Так что была артистическая эпоха как бы увертюрой надвигавшегося на Россию безумия как образа жизни, как и положено безумию — игрой изживавшему болезнь, в данном случае — социальную болезнь взросления оторвавшейся от общинно — государственной и семейно — родовой жизни огромной массы народа.

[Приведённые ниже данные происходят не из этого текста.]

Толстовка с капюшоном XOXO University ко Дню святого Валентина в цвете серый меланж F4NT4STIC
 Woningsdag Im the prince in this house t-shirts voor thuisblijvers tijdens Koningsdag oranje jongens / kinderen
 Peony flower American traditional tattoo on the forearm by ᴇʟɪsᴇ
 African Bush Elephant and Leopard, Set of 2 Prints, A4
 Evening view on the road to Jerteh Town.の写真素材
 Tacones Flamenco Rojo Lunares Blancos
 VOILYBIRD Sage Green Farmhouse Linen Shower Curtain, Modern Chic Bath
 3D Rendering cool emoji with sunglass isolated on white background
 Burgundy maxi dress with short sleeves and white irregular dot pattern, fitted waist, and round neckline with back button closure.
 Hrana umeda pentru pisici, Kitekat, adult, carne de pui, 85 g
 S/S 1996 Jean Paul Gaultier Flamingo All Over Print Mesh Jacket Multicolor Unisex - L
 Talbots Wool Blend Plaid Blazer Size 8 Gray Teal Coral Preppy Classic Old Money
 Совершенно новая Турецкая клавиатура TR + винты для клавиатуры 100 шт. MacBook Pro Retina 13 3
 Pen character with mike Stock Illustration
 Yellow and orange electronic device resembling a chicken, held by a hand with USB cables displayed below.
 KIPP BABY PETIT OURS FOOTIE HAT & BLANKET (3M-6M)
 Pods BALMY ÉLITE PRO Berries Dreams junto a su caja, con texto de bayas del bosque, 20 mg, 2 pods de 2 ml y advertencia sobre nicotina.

7. Артистизм и революция, или Что как называлось
Разбушевавшаяся в Октябре народная стихия была, по мнению одних, обманута большевиками, по мнению других — ими изнасилована, по мнению самих большевиков — верно управляема, по наблюдению же Степуна поставлена судьбой, роком, историей в определенные сценические условия, в которых приняла предложенные ей роли. Ибо хотела принять. Этого требовала жажда «быстрого социального восхождения» (Степун), а по правде так не бывает, только понарошку, только в сказке. И народ это в глубине своей души понимал, понимал, что только в сказке Иван — дурак вдруг становится Иваном — Царевичем. Но самоназванцы предложили ему тоже названия, позволяющие не только «грабить награбленное», но, оживив сказку, сделать ее как бы жизнью. «Воровской идеал, — замечал в своей пореволюционной статье Е. Н. Трубецкой, — находится в самом тесном соприкосновении с специальною мечтою простого народа. Есть эпохи народной жизни, когда все вообще мышление народных масс облекается в сказочные образы. В такие времена сказка — прибежище всех ищущих лучшего места в жизни и является в роли социальной утопии» [418].